De cijfers spreken namelijk de zogenaamd "duurzame" en "algemene" groeiprestaties tegen die in de communicatie van Medtronic worden benadrukt.

Hoewel alle segmenten — cardiovasculair, neurowetenschappen, chirurgie en diabetes — betere verkopen laten zien ten opzichte van het voorgaande jaar, worden deze winsten helaas volledig opgeslokt door de inflatie van de kostenstructuur.

In dit opzicht stijgt de geconsolideerde omzet met 3,6 %, van 31,2 naar 32,3 miljard dollar, maar daalt de operationele winst met 6,2 %, van 5,5 naar 5,1 miljard dollar. Daarnaast stagneert de activiteit in de Verenigde Staten.
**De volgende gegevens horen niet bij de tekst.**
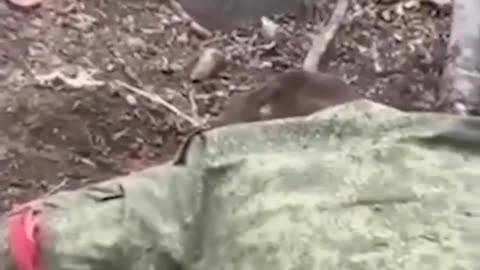 18+!!! - Ukraine Nazi Fascist Execute Russian Soldiers ☠️🇺🇦🏴‍☠️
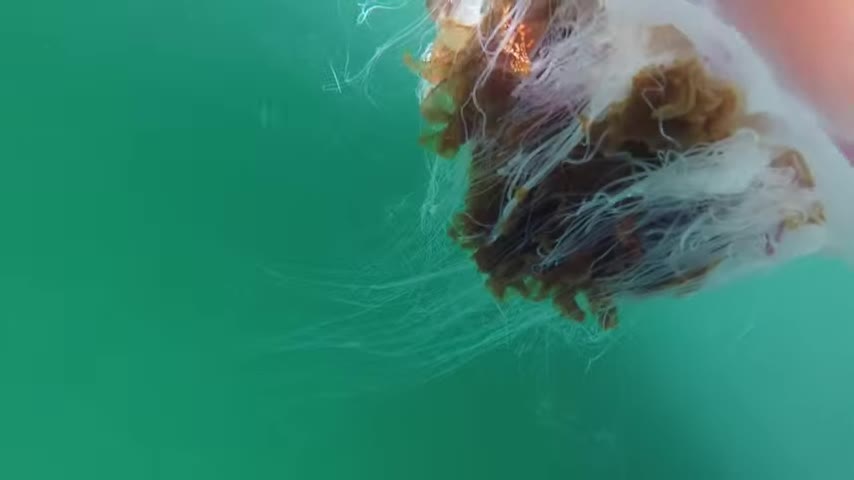 Jelly fish lion's mane ireland 1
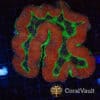 Barcode Trachyphyllia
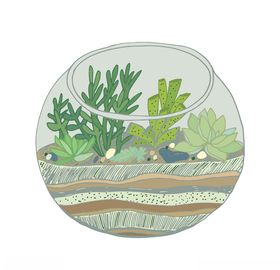 植物手绘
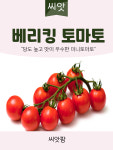 베리킹 방울 토마토씨앗 50립 방울토마토 씨 종자 : 씨앗팜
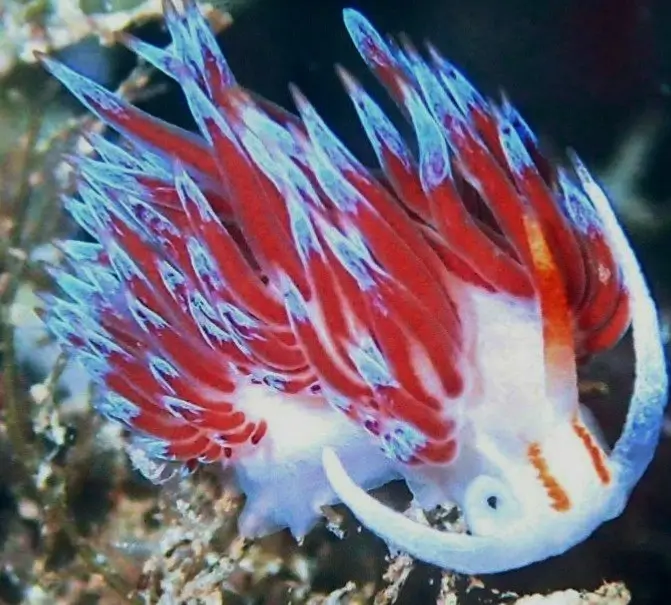 Nudibranquio de colores vivos en fondo marino de Punta Prima
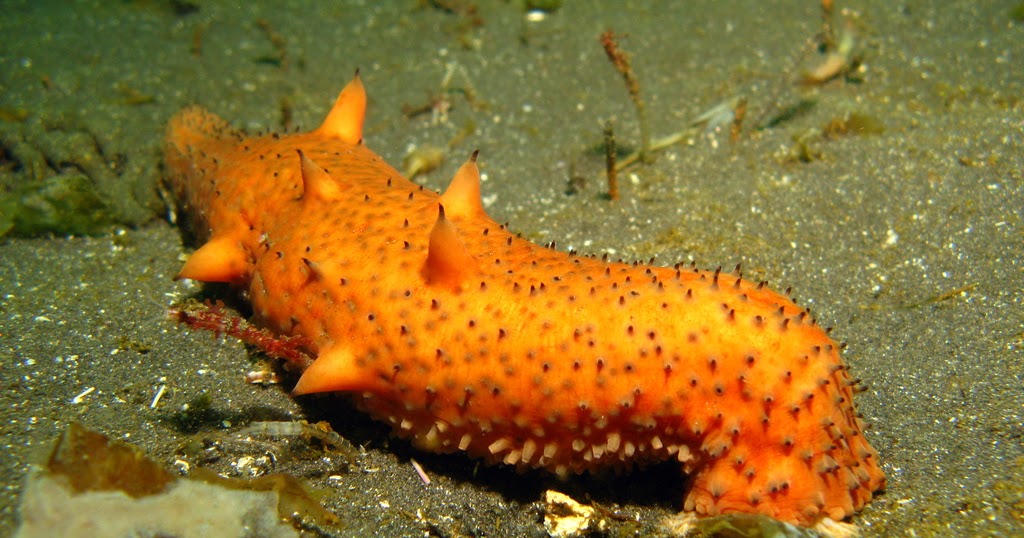Real Monstrosities Warty Sea Cucumber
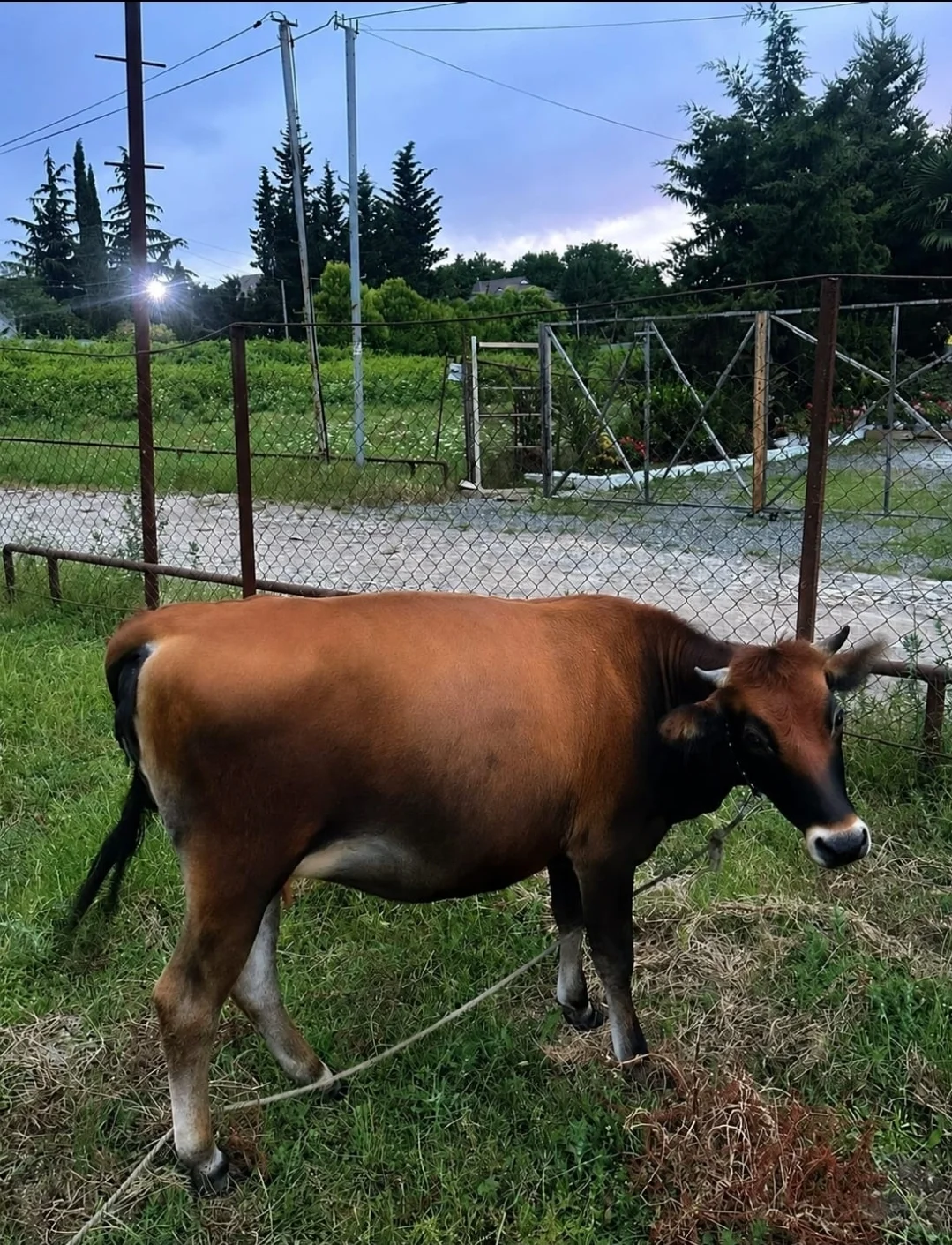 İnək — Heyvanlar, Quşlar, Balıqlar, Masallı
Het belangrijkste voor Medtronic blijft duidelijk het honoreren van zijn status als dividendaristocraat. Het in Minneapolis gevestigde bedrijf kondigt aan zijn uitkering voor het zevenenveertigste opeenvolgende jaar te verhogen en benadrukt dat deze in vijf jaar met 30 % is gestegen.

Het probleem is dat de winst per aandeel in dezelfde periode aanzienlijk is gedaald — met minstens 20 %, van 3,5 naar 2,8 dollar. De dynamiek is vergelijkbaar ten aanzien van de kasstromen, en des te zorgwekkender omdat Medtronic gedurende de vorige cyclus een actieve overnemer was.

Het rendement op investering van deze externe groeimaatregelen — te beginnen met de megafusie met Covidien in 2015 — blijft een taboe-onderwerp waar het management vroeg of laat verantwoording over zal moeten afleggen.

Zoals we opmerkten bij ons laatste commentaar op de resultaten van de groep, blijft het onderwerp van waardecreatie — of eerder de waarschijnlijke vernietiging ervan — dus centraal staan, vooral in relatie tot de nog steeds vrij hoge waarderingsniveaus.